Adjustment for Relevant Covariates
Typically, PRSs are adjusted for age, sex, and principal components (PCs) [14, 17, 26]. Additional covariates can include conventional risk factors for CHD include total cholesterol, high-density lipoprotein cholesterol, systolic blood pressure, diabetes status, hypertension, family history, and smoking status [27]. However, in most studies, adjustment for these covariates results in only modest change in the strength of association of PRS with CHD [12, 28].
Predictive Performance and Calibration
Hazard ratio/odds ratio (OR) per one standard deviation (SD) increase in PRS is a commonly used metric. Area under the curve (AUC) is used for as a measure of discrimination, as outlined in the PRS-RS [16••]. Additional measures include net reclassification index and associated integrated discrimination improvement (IDI) [29]. Metrics such as positive predictive value (PPV) and negative predictive value (NPV), sensitivity, and specificity are appropriate for screening tests, but less so for probabilistic risk variables such as PRS [6••, 30, 31]. Calibration of risk models that includes PRSs for CHD should be described.
PRS Performance in the Context of Age
The population for which CHD risk estimation is most useful is young to middle aged individuals [32]. Beyond late middle age, disease prevalence increases and the association of PRS with case status may decrease [33]. When developing and validating a PRS, one should evaluate whether the relative risk or OR, associated with a PRS is variable across age. In reporting PRS results, information regarding age in training and validation sets along with any age-mediated effect modification should be mentioned [8].

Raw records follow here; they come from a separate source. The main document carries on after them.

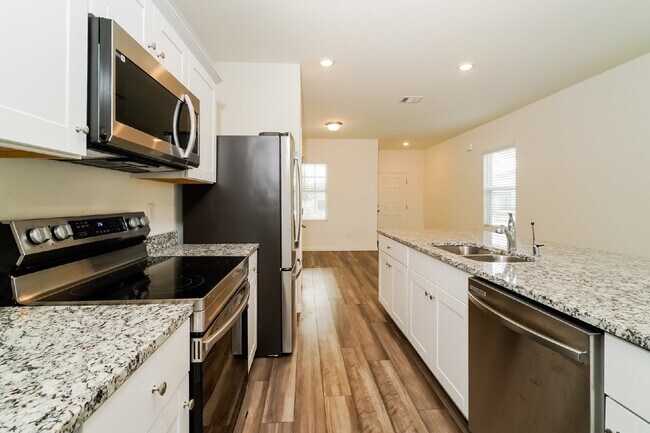 Building Photo - 141 Rubrum Rd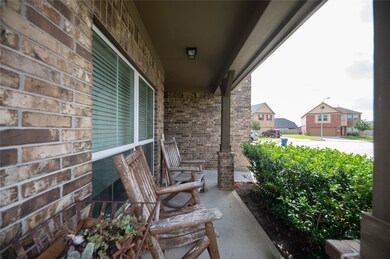 2910 Phaeton Ct, Rosenberg, TX 77471 - photo 3
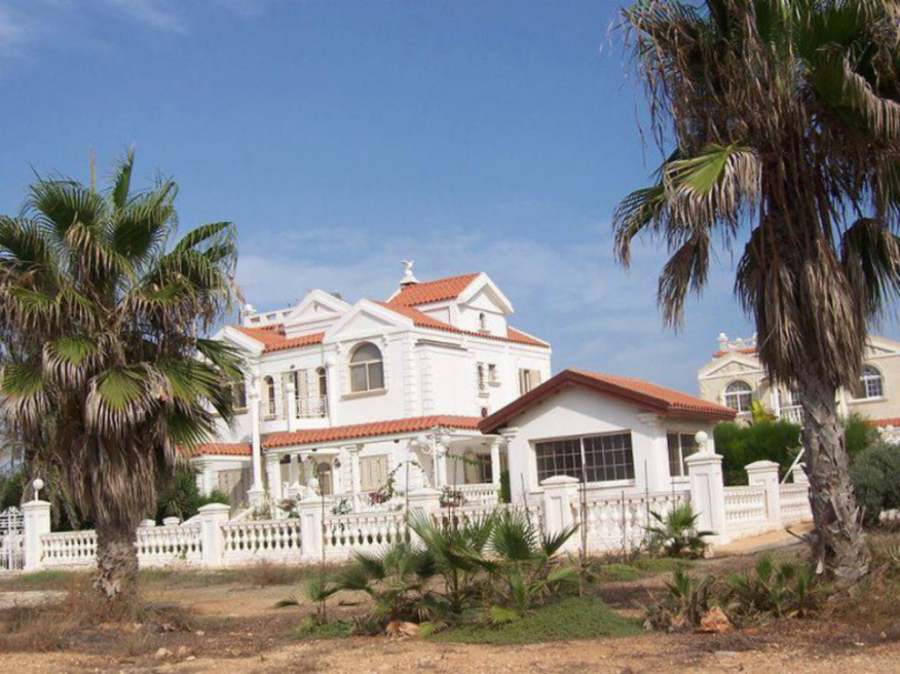 VIKI O LUKSUZNOJ VILI KOJU GRADI ZA CECU Pevačica za Alo! otkrila strogo čuvane tajne ogromnog kompleksa na Kipru (VIDEO)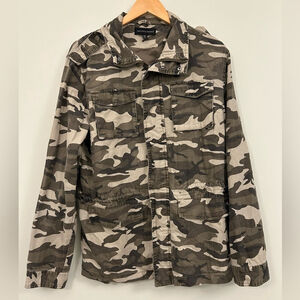 Saks Fifth Avenue Camo Zip Up Jacket Medium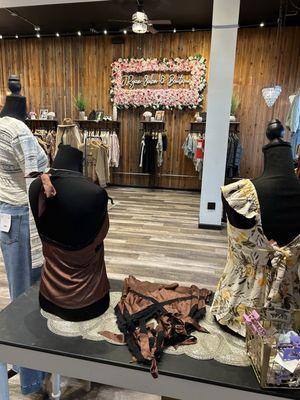 J. Ryan Salon & Boutique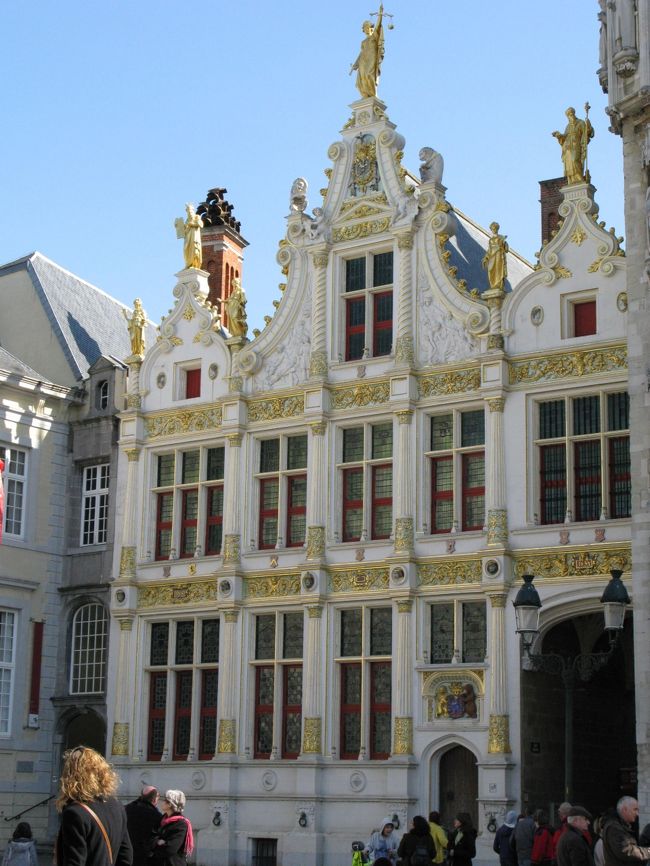 相方を残して、一人隣のブルグ広場に来ました。<br />公文書館と聖血礼拝堂があります。<br />この公文書館は1537年建造、屋根の像は、中央が正義、左がモーゼ、右にアーロンです。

Integration Into Existing Risk Frameworks
The most informative measure of risk is the absolute risk of disease over a defined period. There is a need to standardize how PRSs are integrated into existing clinical risk frameworks to estimate absolute risk of disease [27, 31, 34] based on which screening and treatment decisions are made [31, 35–37]. Such integration assumes that the regression coefficients for conventional risk factors are unchanged after adding PRS, which may not be necessarily true.

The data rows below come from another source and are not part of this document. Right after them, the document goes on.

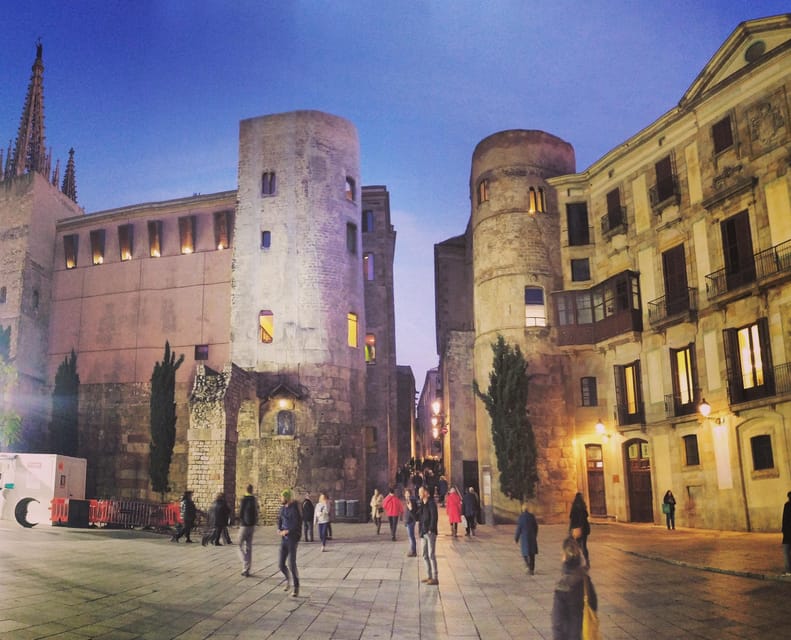 The Timeless Beauty of Barcelona’s Gothic and Born Quarters - Meeting at Pl. de Sant Jaume and Getting Oriented Fast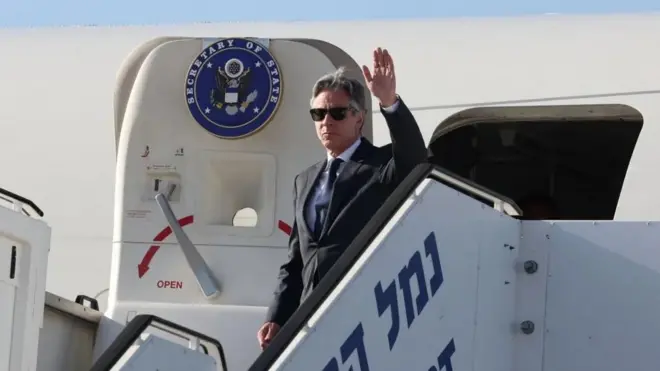 Entoni Blinken je stigao u posetu Bliskom istoku da bi tražio podršku za novi sporazum o primirju u Gazi i puštanju talaca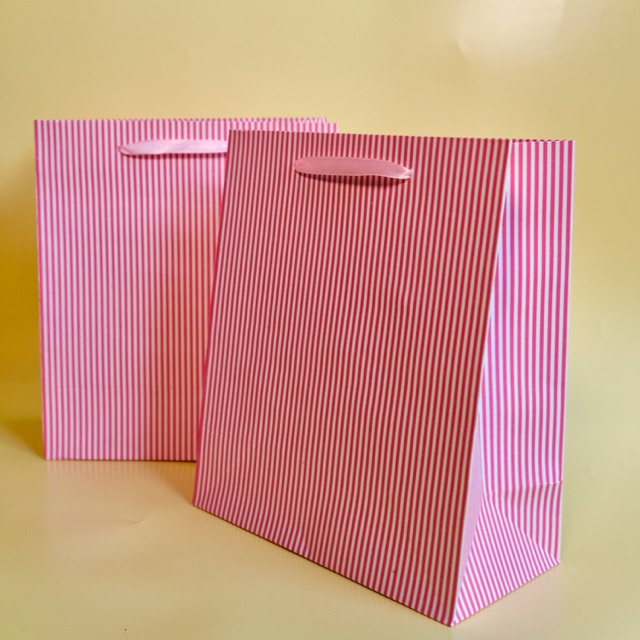 

PAPERBAG GARIS PINK BUKU DOFF ( Min pembelian 12 pcs)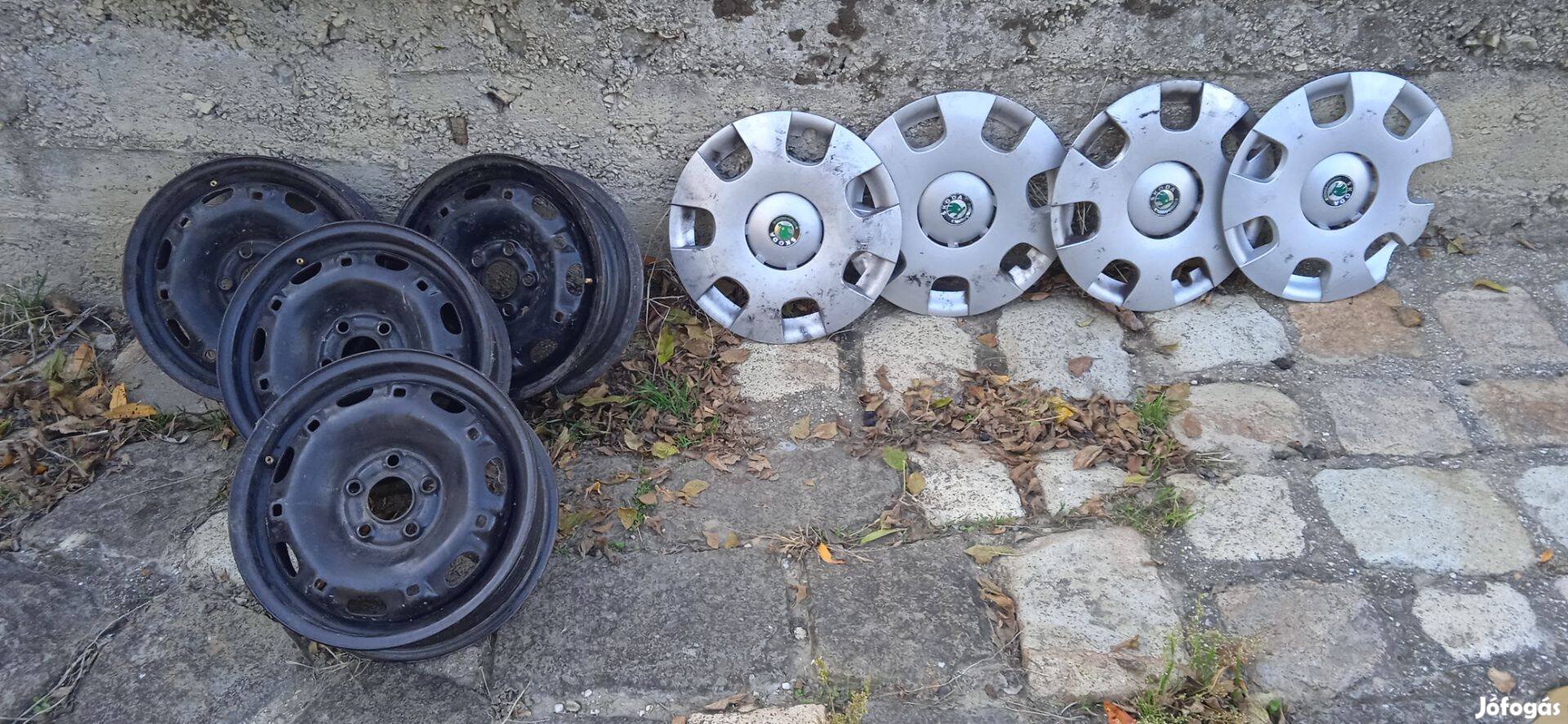 Skoda Fábia Acélfelni+Disztárcsa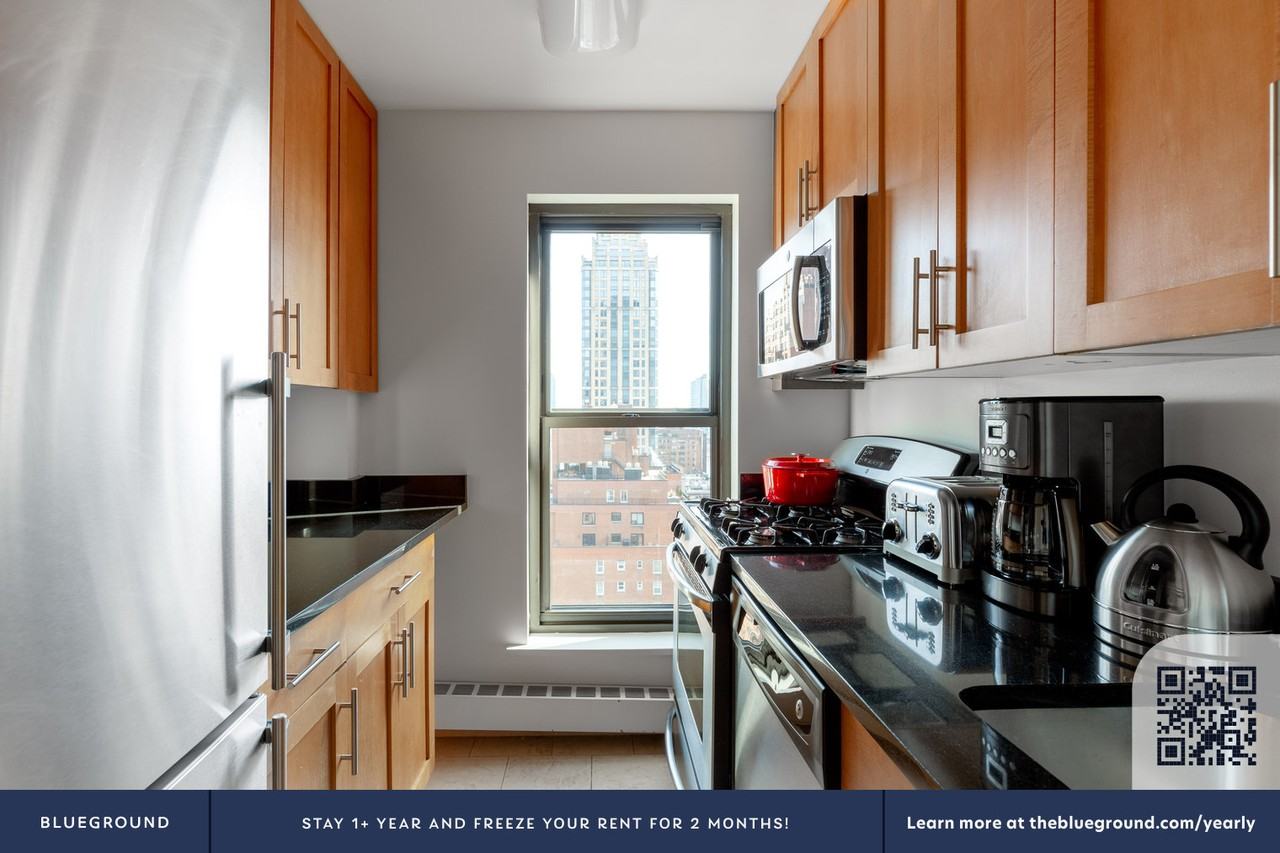 300 East 51st Street - Photo 7 of 25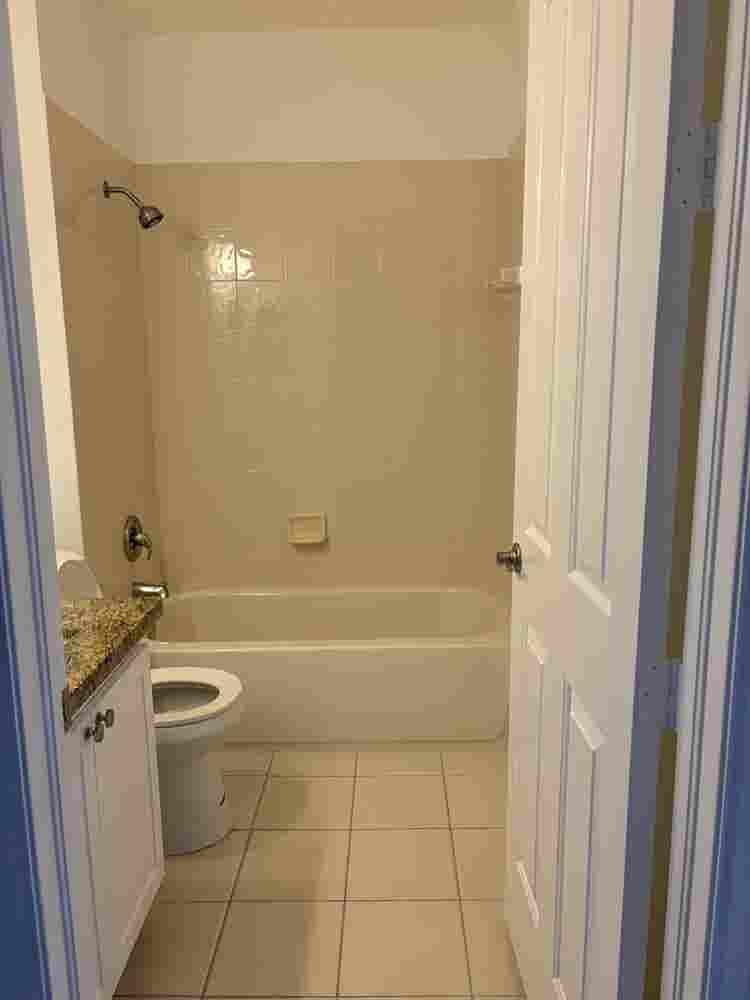 Private Room -
Gated Community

Validity of PRSs for Different Genetic Ancestry Groups
Transferability of PRSs across populations is variable because of eurocentric bias in GWAS [14]. Furthermore, CHD incidence/prevalence rate varies among genetic ancestry groups [38, 39]. Generalizability of a given PRS across ancestral populations is influenced by the genetic architecture of CHD, linkage disequilibrium (LD) between causal and measured tagging variants, and SNV frequencies that vary across such groups [40]. Additional variation among diverse genetic ancestry populations could be due to differences in how the phenotype is ascertained, genetic drift, selection, environmental differences and gene-environment interactions, uncorrected population stratification, unequal representation of LD and variant frequency across populations, and random error in GWAS effect size estimates [41]. Typically, PRSs are scaled to account for allele frequency differences using population means and SDs within controls of each ancestry to achieve comparable distributions across ancestries [42]. Efforts are ongoing to develop PRSs in diverse genetic ancestry populations to close gaps in predictive accuracy and prevent worsening of health disparities [43]. Guidelines for reporting race and ethnicity have been recently published by the National Academy of Sciences, Engineering and Medicine [44].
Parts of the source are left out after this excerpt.